BEGIN
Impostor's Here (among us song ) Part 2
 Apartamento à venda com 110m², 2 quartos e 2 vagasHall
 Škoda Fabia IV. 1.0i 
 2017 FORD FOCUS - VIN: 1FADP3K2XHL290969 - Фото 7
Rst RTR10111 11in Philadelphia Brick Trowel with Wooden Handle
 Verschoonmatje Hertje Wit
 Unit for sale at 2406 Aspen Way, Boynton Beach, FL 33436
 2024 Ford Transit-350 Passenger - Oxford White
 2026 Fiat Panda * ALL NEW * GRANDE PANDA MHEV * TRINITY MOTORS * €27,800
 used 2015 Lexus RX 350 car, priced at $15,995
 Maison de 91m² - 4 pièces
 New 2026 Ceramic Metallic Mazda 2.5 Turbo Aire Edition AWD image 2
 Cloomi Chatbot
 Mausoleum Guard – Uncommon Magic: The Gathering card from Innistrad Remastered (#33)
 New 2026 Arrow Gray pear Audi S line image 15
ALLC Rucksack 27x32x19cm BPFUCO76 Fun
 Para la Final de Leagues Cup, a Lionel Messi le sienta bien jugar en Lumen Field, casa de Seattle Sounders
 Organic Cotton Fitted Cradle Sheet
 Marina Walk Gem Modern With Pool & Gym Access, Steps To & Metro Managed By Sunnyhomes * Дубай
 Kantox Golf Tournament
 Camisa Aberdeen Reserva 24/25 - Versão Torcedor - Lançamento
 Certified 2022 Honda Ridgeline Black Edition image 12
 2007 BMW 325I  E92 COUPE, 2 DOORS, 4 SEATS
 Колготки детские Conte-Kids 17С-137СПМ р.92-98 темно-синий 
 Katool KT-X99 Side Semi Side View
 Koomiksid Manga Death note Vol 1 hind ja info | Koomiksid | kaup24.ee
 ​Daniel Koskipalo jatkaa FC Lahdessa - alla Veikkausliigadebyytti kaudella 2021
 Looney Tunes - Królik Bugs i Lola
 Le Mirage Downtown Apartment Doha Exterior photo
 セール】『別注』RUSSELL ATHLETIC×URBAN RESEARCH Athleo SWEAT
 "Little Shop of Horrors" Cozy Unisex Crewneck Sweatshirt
END
_What is expected_
What you return should consist solely of the lines from the one containing "Kantox Golf Tournament" through the end of the entries above, reproduced exactly.

_Result of this exercise_
 Kantox Golf Tournament
 Camisa Aberdeen Reserva 24/25 - Versão Torcedor - Lançamento
 Certified 2022 Honda Ridgeline Black Edition image 12
 2007 BMW 325I  E92 COUPE, 2 DOORS, 4 SEATS
 Колготки детские Conte-Kids 17С-137СПМ р.92-98 темно-синий 
 Katool KT-X99 Side Semi Side View
 Koomiksid Manga Death note Vol 1 hind ja info | Koomiksid | kaup24.ee
 ​Daniel Koskipalo jatkaa FC Lahdessa - alla Veikkausliigadebyytti kaudella 2021
 Looney Tunes - Królik Bugs i Lola
 Le Mirage Downtown Apartment Doha Exterior photo
 セール】『別注』RUSSELL ATHLETIC×URBAN RESEARCH Athleo SWEAT
 "Little Shop of Horrors" Cozy Unisex Crewneck Sweatshirt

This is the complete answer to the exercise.